Now that we’re pretty sure it all looks good, let’s run it for realz - the shell script should look like this:

#!/bin/bash

for i in *.fastq
do
   newname=$(basename $i .fastq).fq
   mv $i $newname
done

7.4.1 Subsetting

Let’s do something quite useful - subset a bunch of FASTQ files.

If you look at one of the FASTQ files with head,

head F3D0_S188_L001_R1_001.fq

you’ll see that it’s full of FASTQ sequencing records. Often I want to run a bioinformatics pipeline on some small set of records first, before running it on the full set, just to make sure all the syntax for all the commands work (“data forensics”). So I’d like to subset all of these files without modifying the originals.

First, let’s make sure the originals are read-only

chmod u-w *.fq

Now, let’s make a ‘subset’ directory

mkdir subset

Now, to subset each file, we want to run a ‘head’ with an argument that is the total number of lines we want to take. In this case, it should be a multiple of 4, because FASTQ records have 4 lines each. Let’s take the first 100 records of each file by using head -400.

The for loop will now look something like:

for i in *.fq
do
   echo "head -400 $i > subset/$i"
done

QUESTION: We need to use " " for the echo statement above - why?

If that command looks right, run it for realz:

for i in *.fq
do
   head -400 $i > subset/$i
done

and voila, you have your subsets! We can check the number of lines for all the subset files:

wc -l ./subset/*

(This is incredibly useful. You have no idea :)

CHALLENGE: Can you rename all of your files in subset/ to have ‘subset.fq’ at the end?

7.4.2 Variables

Let’s backtrack a bit - what are variables?

We’ve seen 2 examples of variables so far - $i and $newname:

for i in *.fastq
do
   newname=$(basename $i .fastq).fq
   mv $i $newname
done

You can use either $varname or ${varname}. The latter is useful when you want to construct a new filename, e.g.

MY${varname}SUBSET

would expand ${varname} and then put “MY” and “SUBSET” on either end, while

MY$varnameSUBSET

would try to put “MY” in front of $varnameSUBSET which won’t work - unknown/uncreated variables are evaluated to empty by default, so this would just expand to MY.

We recommend always using ${name} instead of $name, because it always works the way you expect, unlike $name, which can be confusing when constructing new filenames as above.

NOTE: ${varname} is quite different from $(expression)! The former is replaced by the value assigned to varname; the latter is replaced by the result of running expression. So, both replace but they do different things. Think of $ here as meaning, “replace me with something”.

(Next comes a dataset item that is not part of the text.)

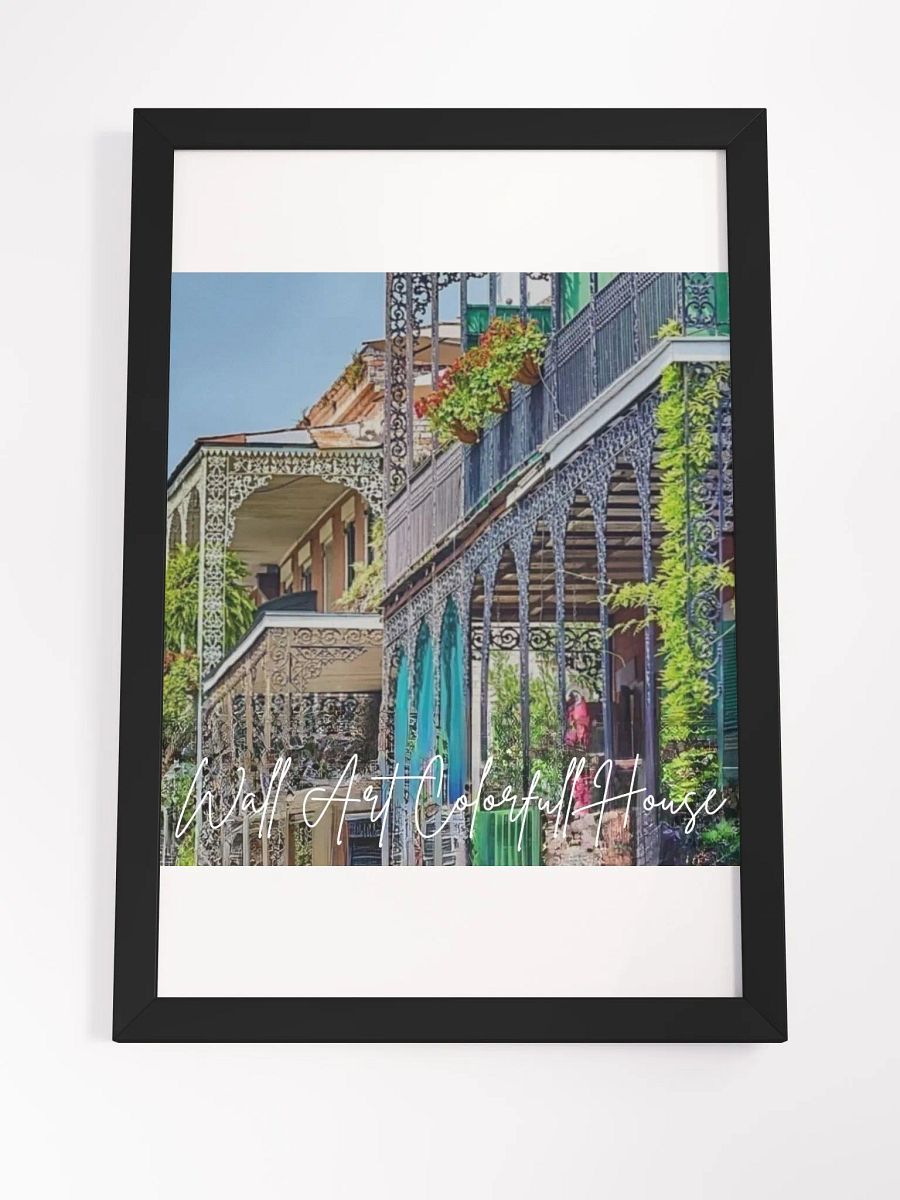 Art Colorful House Framed High-Quality Matte Poster (in) product image (4)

7.5 Troubleshooting scripts

As we’ve seen above, the echo statements help to make sure the commands look correct before running for real.

There are several set options that are useful to determine what happens to your script on failure. We recommend:

  • Always put set -e at the top.
  • Sometimes put set -x at the top.

7.5.1 Practicing set -e in bash scripts

  1. We’re going to use the MiSeq .fq files again. Create an output report directory
cd ~/2021-remote-computing-binder/data
mkdir ./MiSeq/fastqc_reports
  1. Create and activate a conda environment that has fastqc installed in it (see workshop 5 notes on conda):
mamba create -n fqc -y fastqc
conda activate fqc
  1. Write a for loop that runs fastqc on each .fq files with a shell script. Create a bash script using nano text editor (save and exit with CTRL-O, enter, CTRL-X on keyboard)
nano set_e.sh

Create a bash script with the following commands, this version includes set -e:

#!/bin/bash

set -e

OUTDIR='fastqc_reports'

for i in ./MiSeq/*.fq
do
   echo $i
   fastqc $i -o $OUTDIR
done

Reminder: Another way to type bash for loops is with the ;, for example this syntax does the same thing as above:

for i in ./MiSeq/*.fq; do echo $i; fastqc $i -o $OUTDIR; done

This command runs the script:

bash set_e.sh

CHALLENGE

  1. What happens when you run the bash script above with and without the set -e option?
  2. There is an error in the bash script. How would you fix the script? (Bonus: try adding set -x to your bash script)

7.6 If statements

If statements act on things conditionally. For example, you might want to do something if a file exists and a different thing if the file doesn’t. In other words, if statements evaluate outputs as True or False and use the output to decide what action to take - it’s like a decision tree.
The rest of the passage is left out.